The price more also occurred the day before the expiration of the February contract as the front-month on the New York Mercantile Exchange when volatility often peaks because trading volumes are low. In 2022, gas prices soared by a record 46% when the February contract expired before plunging 26% the next day when the March contract became the front-month.
Analysts forecast US utilities pulled just 82 billion cubic feet (bcf) of gas from storage during the week ended Jan. 20. That compares with a decrease of 217 bcf in the same week last year and a five-year (2018-2022) average decline of 185 bcf.
If correct, last week’s decrease would cut stockpiles to 2.738 trillion cubic feet (tcf), or 5.3% above the five-year average of 2.601 tcf for this time of year.
Earlier this week, Freeport said its export plant was ready to begin the process of exiting a seven-month outage, pending regulatory approval. But several analysts have stuck with their earlier estimates that it will take until March or later for the plant to actually start pulling in big amounts of gas from pipelines.
Freeport, the second-biggest US LNG exporter, is important because the market expects gas prices and demand to rise once the plant returns.

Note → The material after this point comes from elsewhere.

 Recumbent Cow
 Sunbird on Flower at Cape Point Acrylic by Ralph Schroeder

The facility, which shut in a fire on June 8, 2022, can pull in about 2.1 billion cubic feet per day (bcfd) of gas and turn it into LNG when operating at full power.

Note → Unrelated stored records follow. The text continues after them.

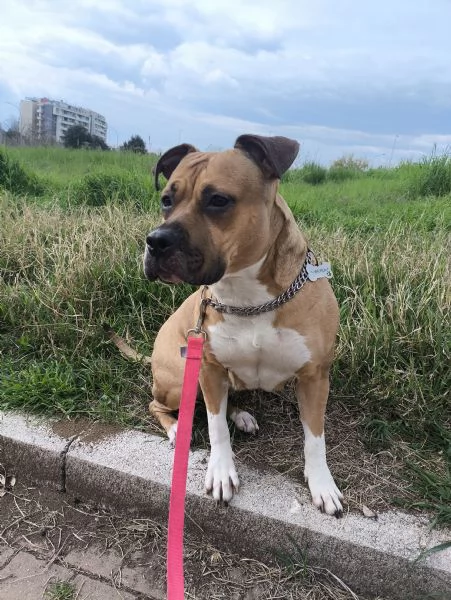 Amstaff 3 anni buonissima 
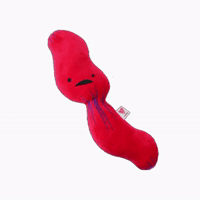 Swallow Eating GIF by I Heart Guts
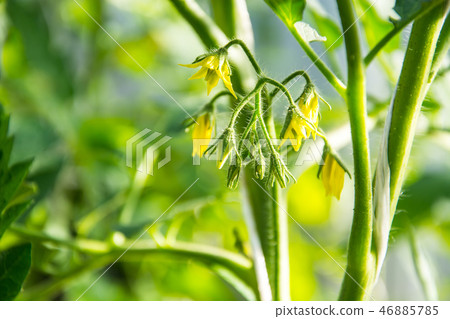 Flowering tomatoes with yellow flowers 46885785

That is about 2% of what US gas producers pull out of the ground each day.
Small amounts of pipeline gas started flowing to Freeport on Thursday, according to Refinitiv data. Officials at Freeport had no comment on what they were using the gas for. The last two times gas flowed to Freeport from Jan. 14-18 and Dec. 20-28, sources said the company used the gas to maintain a flare system.

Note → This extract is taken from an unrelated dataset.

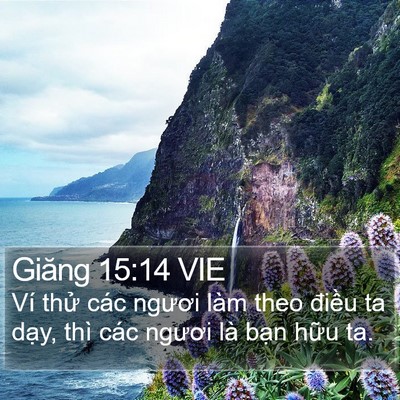 Giăng 15:14 VIE Bible Verse Image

On its second to last day as the front-month, gas futures for February delivery fell 24 cents, or 7.8%, to $2.827 per million British thermal units (mmBtu) at 9:20 a.m. EST (1420 GMT), putting the contract on track for its lowest close since April 2021.
That continues the record volatility seen last year, with the contract now on track to close up or down over 5% on 10 of the 17 trading days in 2023.
The March contract, which will soon be the front-month, was down about 20 cents to $2.71 per mmBtu.
Meanwhile, recent increases in crude futures to a nine-week high boosted oil’s premium over gas to its highest since January 2020. Over the last several years that premium has prompted US energy firms to focus drilling activity on finding more oil instead of gas.
The oil-to-gas ratio, or level at which oil trades compared with gas, jumped to 29-to-1 on Thursday. So far in 2023, crude has traded about 22 times over gas, much higher than crude’s average premium of 15 times gas in 2022 and a five-year average (2018-2022) of 20 times. On an energy equivalent basis, oil should trade only six times over gas.